First is SS Oberscharführer Fritz Swoboda:
“…there was a column of 500-600 men. They came in through the gate and went to the firing range. There, they were killed, picked up and brought away and the next six would come. At first you said, great, better than doing normal duty, but after couple of days you would have preferred normal duty. It took a toll on your nerves. Then you just gritted your teeth and you just didn’t care. There were some of us who got weak in the knees when shooting women and we had selected experienced front line soldiers. But orders were orders.”
Edwin, Graf von Rothkirch was recorded as saying:
“I was at Kutno. I wanted to take some photographs…that’s my only hobby…and I knew an SS-leader there quite well and I was talking to him when he said “Would you like to photograph a shooting?” I said “No, the very idea is repugnant to me.” “Well, it makes no difference to us. They are always shot in the morning, but if you like, we still have some and we can shoot them in the afternoon sometime. You can’t imagine how these men have become completely brutalised.”
Kammeyr, a mechanic in the Kriegsmarine said:
“Nearly all the men there were interned in large camps. I met a fellow one evening and he said “Some of them are going to be shot tomorrow. Would you like to see it?” A lorry went there every day and he said “You can come too”.
The lorry arrived and stopped. In a sort of sandpit there was a trench about twenty metres long. I didn’t know what was happening until I saw the trench. They all had to get into it and were hurried into it with blows from rifle-buts and lined up face to face; the feldwebel had a tommy-gun. There were five of them, they shot them one after the other. Most of them fell like that with their eyeballs turned up. There was a woman among them. I saw that. It was in Libau.”
Luftwaffe Lieutenant–Colonel von Müller-Rienzburg said :
“The SS issued an invitation to go and shoot Jews. All the troops went along with rifles and shot them up. Each man could pick the one he wanted.”
First Sergeant von Bassus, rather incredulous, asked :
“You mean to say that it was sent out like an invitation to a hunt?”
And von Müller-Rienzburg replied: “Yes.”
Lieutenant-Colonel August von der Heydte also reported in hearsay, second hand fashion, that executions resembled hunts.
Lieutenant–Colonel von der Heydte recounted how:
The SS-Führer Böselager was having dinner and after dinner he said: “Now we’ll go and have a look at..(place of execution). They drove out in a car and shotguns were lying about, ordinary ones, and thirty Polish Jews were standing there. Each guest was given a gun; the Jews were driven past and every one was allowed to take a pot shot at a Jew. Subsequently they were given the coup de grâce.”And finally, Luftwaffe First Lieutenant Fried: “I was at Radom and an SS captain said : Would you like to come along for half an hour? Get a tommy gun and let’s go.. I had an hour to spare so I went, We went to a kind of barracks and slaughtered 1,500 Jews. There were some twenty men with tommy guns. It only took a second and nobody thought anything of it.”:
Although the types of appalling behaviour that Neitzel and Welzer have detailed in their book “Soldaten” have happened with disgraceful frequency, it would be wrong to think that the problem is an insoluble one.

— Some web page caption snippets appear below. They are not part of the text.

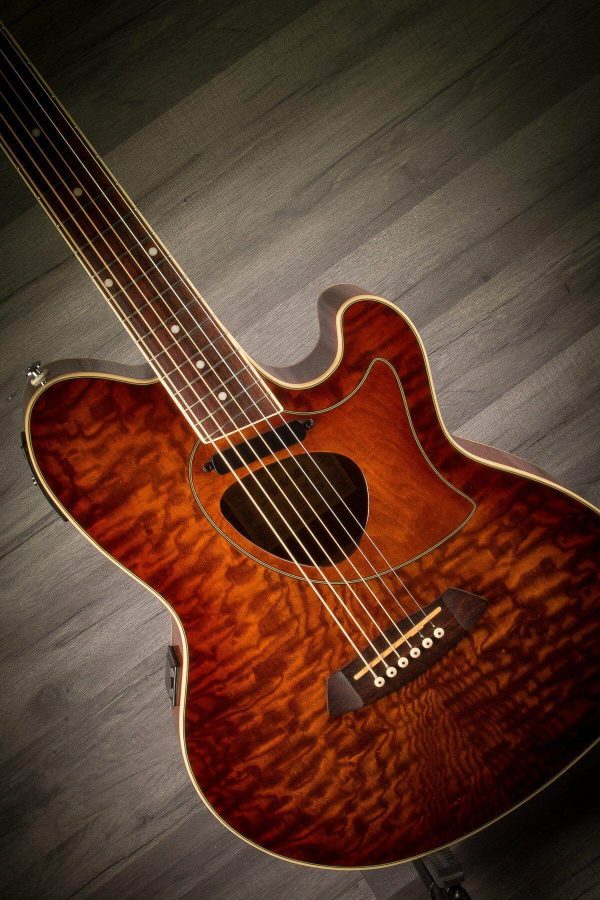 USED - Ibanez TCM50E Vintage Brown Sunburst For Sale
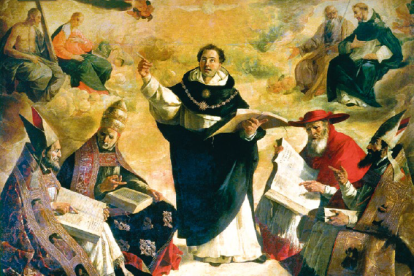 Apoteosis de Santo Tomás de Aquino (1631), óleo sobre lienzo de Francisco de Zurbarán.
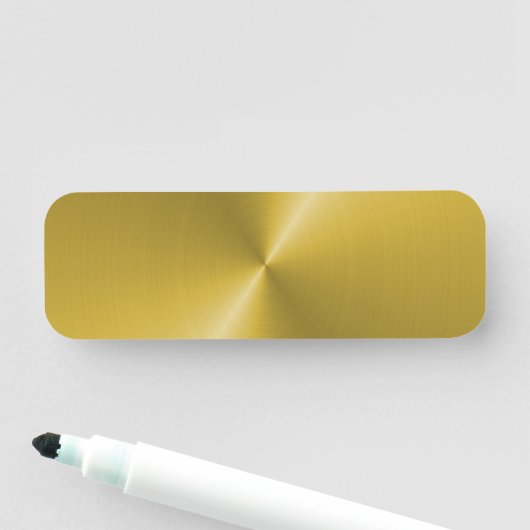 Custom Dry Erase Blank Name Badge Namensschild (Beispiel)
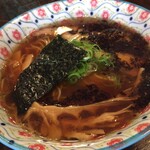 自家製麺 カミカゼ - 醤油焦がしネギラーメン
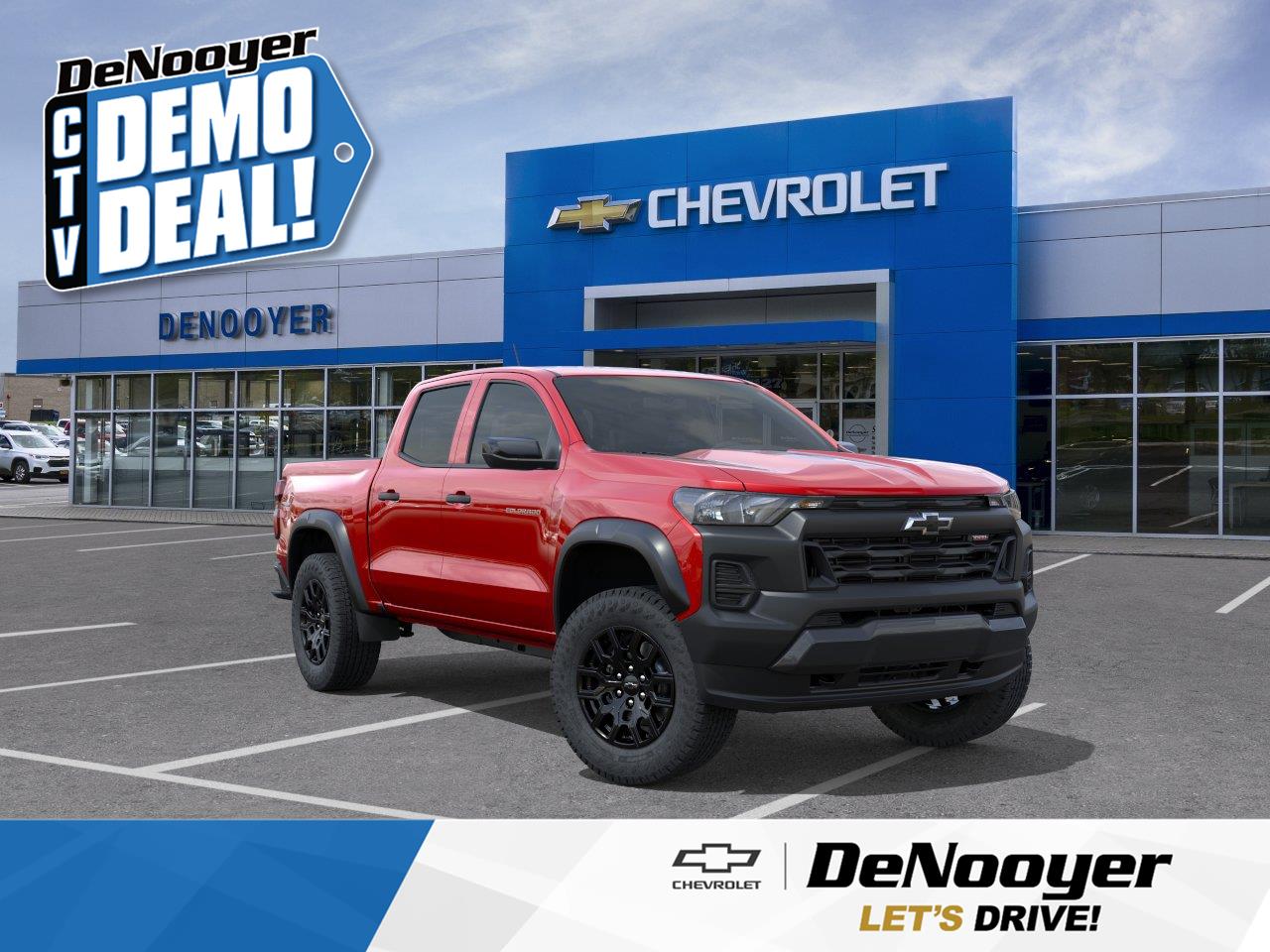 Radiant Red Tintcoat 2026 Chevrolet Colorado Pickup Truck Four-Wheel Drive 8-Speed Automatic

Firstly, before young people are even old enough to consider the armed forces they should be made abundantly aware in their schools that racism is completely unacceptable. Outside the schools, the concept of free speech must not be applied to permit race hate. Punishments should involve custodial sentences, if only a few days. They should not include fines.
In the Armed Forces, old, experienced combat veterans should explain to new recruits what combat is like, what emotions you can expect to feel and what is unacceptable behaviour. War crimes should not be tolerated and the guilty parties should always serve time in prison, with minimum sentences the norm.
Hopefully, this would avoid a situation where civilians are just as frightened to see the arrival of the British, the Americans and the French as they would be with the arrival of any number of less disciplined armed forces.